Mengenal Berbagai Bahaya Makan Ikan Lele untuk Kesehatan

Mengenal Berbagai Bahaya Makan Ikan Lele untuk Kesehatan

Mengenal Berbagai Bahaya Makan Ikan Lele untuk Kesehatan

Mengenal Berbagai Bahaya Makan Ikan Lele untuk Kesehatan

Menu pecel lele masih menjadi di antara pilihan sangat populer guna mengganjal perut, khas orang Indonesia. Di sisi lain, tidak sedikit yang melafalkan bahaya santap ikan lele mulai masalah kehigienisan sampai risiko kanker. Padahal, lele ialah jenis ikan yang aman dikonsumsi.

Bahaya santap Ikan lele guna kesehata

Jika dikonsumsi secara sembarangan, ikan lele dapat memberikan dominan negatif guna kesehatan. Berikut ialah bahaya santap ikan lele guna kesehatan andai dikonsumsi secara berlebihan.

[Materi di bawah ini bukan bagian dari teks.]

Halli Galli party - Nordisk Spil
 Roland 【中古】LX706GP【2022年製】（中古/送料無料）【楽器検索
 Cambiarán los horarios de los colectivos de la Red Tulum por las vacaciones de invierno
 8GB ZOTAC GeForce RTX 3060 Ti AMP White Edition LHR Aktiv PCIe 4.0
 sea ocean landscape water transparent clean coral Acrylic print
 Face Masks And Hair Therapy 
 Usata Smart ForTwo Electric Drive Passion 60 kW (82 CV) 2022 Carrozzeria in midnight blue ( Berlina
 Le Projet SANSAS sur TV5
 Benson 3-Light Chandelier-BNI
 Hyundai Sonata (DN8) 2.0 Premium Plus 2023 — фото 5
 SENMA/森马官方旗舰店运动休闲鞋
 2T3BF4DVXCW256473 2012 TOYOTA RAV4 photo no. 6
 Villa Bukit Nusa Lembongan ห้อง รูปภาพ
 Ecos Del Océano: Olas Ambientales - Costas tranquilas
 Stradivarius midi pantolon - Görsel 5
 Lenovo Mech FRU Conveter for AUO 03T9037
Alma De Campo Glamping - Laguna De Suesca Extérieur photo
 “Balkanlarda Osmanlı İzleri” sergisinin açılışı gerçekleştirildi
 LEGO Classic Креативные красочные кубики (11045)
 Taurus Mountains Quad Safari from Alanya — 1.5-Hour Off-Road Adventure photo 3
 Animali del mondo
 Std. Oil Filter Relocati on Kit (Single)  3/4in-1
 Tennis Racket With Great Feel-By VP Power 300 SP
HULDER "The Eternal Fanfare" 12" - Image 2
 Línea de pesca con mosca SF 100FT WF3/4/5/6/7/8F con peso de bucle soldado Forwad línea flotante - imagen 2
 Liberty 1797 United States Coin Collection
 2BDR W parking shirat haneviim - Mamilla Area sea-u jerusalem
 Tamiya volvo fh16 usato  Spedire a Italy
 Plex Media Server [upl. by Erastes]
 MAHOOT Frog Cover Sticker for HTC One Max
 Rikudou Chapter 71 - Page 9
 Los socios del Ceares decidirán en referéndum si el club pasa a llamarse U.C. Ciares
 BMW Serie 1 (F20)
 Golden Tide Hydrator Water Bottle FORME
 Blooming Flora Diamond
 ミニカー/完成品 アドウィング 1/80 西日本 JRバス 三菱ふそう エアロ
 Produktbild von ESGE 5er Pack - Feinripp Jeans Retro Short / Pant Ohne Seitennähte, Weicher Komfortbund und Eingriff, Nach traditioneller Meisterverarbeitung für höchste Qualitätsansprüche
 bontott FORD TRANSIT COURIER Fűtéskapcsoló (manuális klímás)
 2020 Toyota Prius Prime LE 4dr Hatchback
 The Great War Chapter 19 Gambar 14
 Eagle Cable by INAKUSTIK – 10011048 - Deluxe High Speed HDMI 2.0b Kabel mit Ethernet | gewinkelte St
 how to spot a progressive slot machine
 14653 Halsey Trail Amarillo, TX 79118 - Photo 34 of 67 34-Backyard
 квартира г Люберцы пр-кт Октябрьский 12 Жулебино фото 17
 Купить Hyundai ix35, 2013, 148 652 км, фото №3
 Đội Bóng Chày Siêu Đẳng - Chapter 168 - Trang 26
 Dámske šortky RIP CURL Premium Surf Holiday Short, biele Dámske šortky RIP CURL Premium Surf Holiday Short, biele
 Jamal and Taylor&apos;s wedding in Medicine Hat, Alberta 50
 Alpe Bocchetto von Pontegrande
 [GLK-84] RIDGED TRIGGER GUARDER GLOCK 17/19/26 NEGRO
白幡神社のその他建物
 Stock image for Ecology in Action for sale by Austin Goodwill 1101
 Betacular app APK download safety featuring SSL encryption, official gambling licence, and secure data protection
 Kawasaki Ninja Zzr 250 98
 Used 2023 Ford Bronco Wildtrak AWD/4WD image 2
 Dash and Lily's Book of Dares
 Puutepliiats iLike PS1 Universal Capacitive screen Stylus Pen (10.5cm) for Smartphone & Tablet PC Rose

1. Pertumbuhan sel abnormal

Bahaya kesatu yang paling terlihat jelas ketika proses pengolahan ikan lele ialah pemakaian minyak bekas yang telah digunakan berulang kali. Minyak itu mempunyai kandungan radikal bebas, tergolong asam lemak bosan yang dapat merangsang munculnya sel abnormal karena mempunyai sifat karsinogenik.

2. Munculnya kelenjar tiroid

Terlalu tidak sedikit mengonsumsi lele pun dapat merangsang munculnya kelenjar tiroid di dekat leher. Pasalnya, tidak sedikit peternak ikan lele yang memakai bangkai fauna sebagai bahan pangan ikan lele, tergolong kotoran fauna (seperti dari kandang ayam ataupun kambing). Semua urusan ini dapat memunculkan pembengkakan serta peradangan dampak peningkatan cairan tiroid.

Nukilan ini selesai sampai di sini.